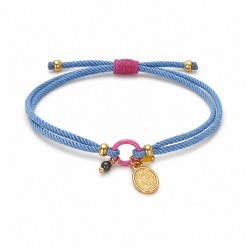 Braccialetto con Ciondolo Ovale e Perline su Cordoncino Blu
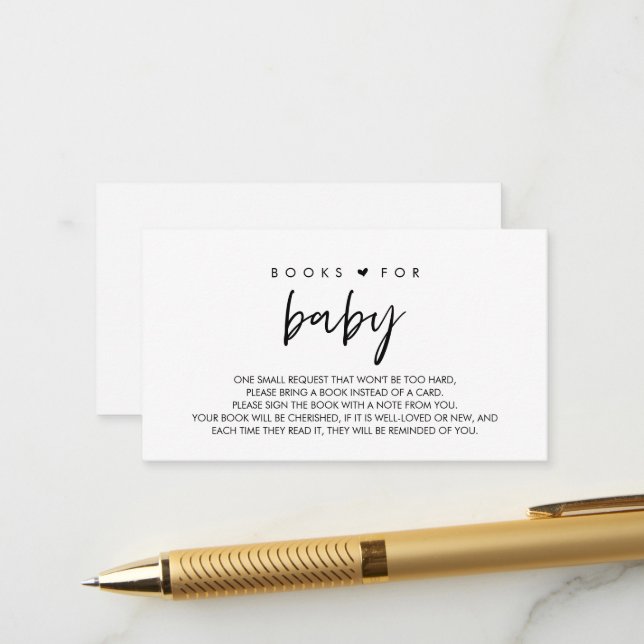 Carte D'accompagnement Livres pour bébé, minimalisme moderne Police noire (Devant/Arrière en situation)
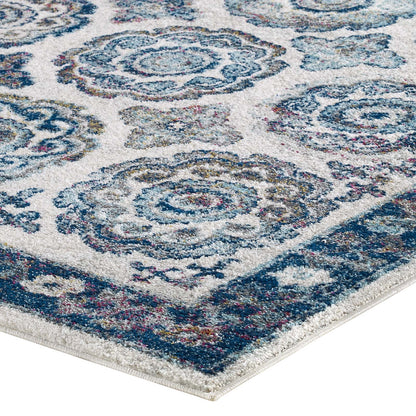 Entourage Odile Distressed Floral Moroccan Trellis Area Rug by Modway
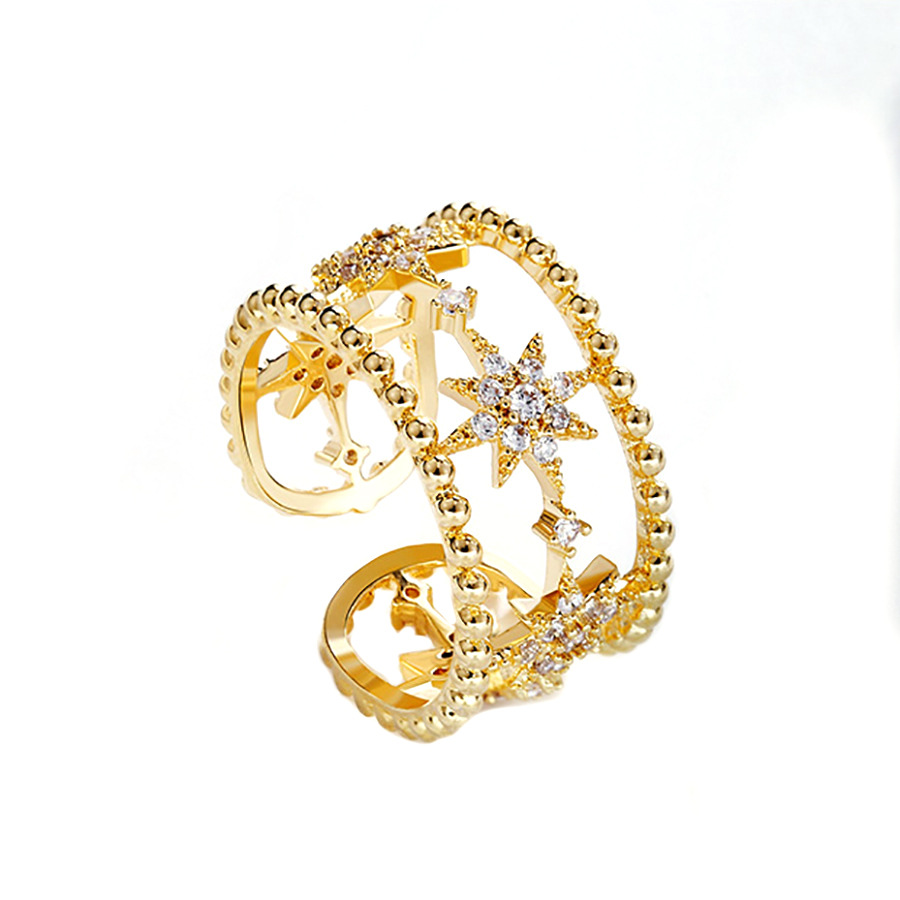 European And American High Sense Micro-inlaid Zircon Ring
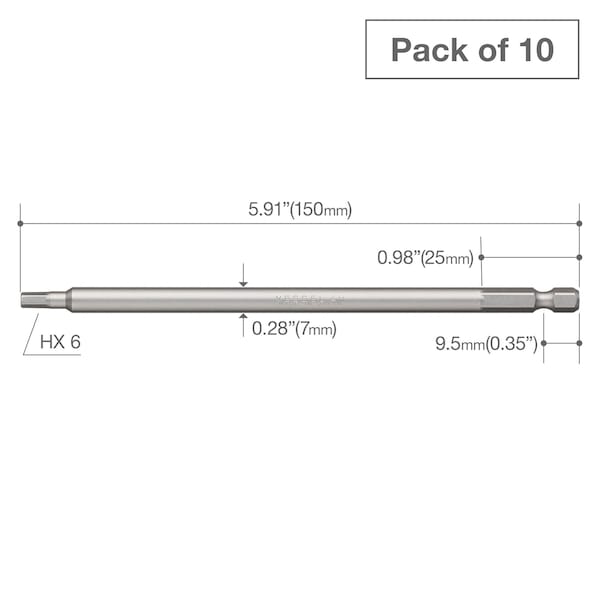 Power Bit 1/4 Hex B,H4x150H,PK10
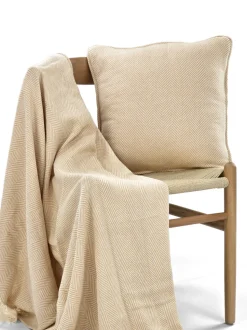 Kuddfodral 'Denisa Fishbone' 45x45cm - Beige/vit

*Problem description*:
Restate the listing above word for word and skip each picture.

*Solution for this exercise*:
 Braccialetto con Ciondolo Ovale e Perline su Cordoncino Blu
 Carte D'accompagnement Livres pour bébé, minimalisme moderne Police noire (Devant/Arrière en situation)
 Entourage Odile Distressed Floral Moroccan Trellis Area Rug by Modway
 European And American High Sense Micro-inlaid Zircon Ring
 Power Bit 1/4 Hex B,H4x150H,PK10
 Kuddfodral 'Denisa Fishbone' 45x45cm - Beige/vit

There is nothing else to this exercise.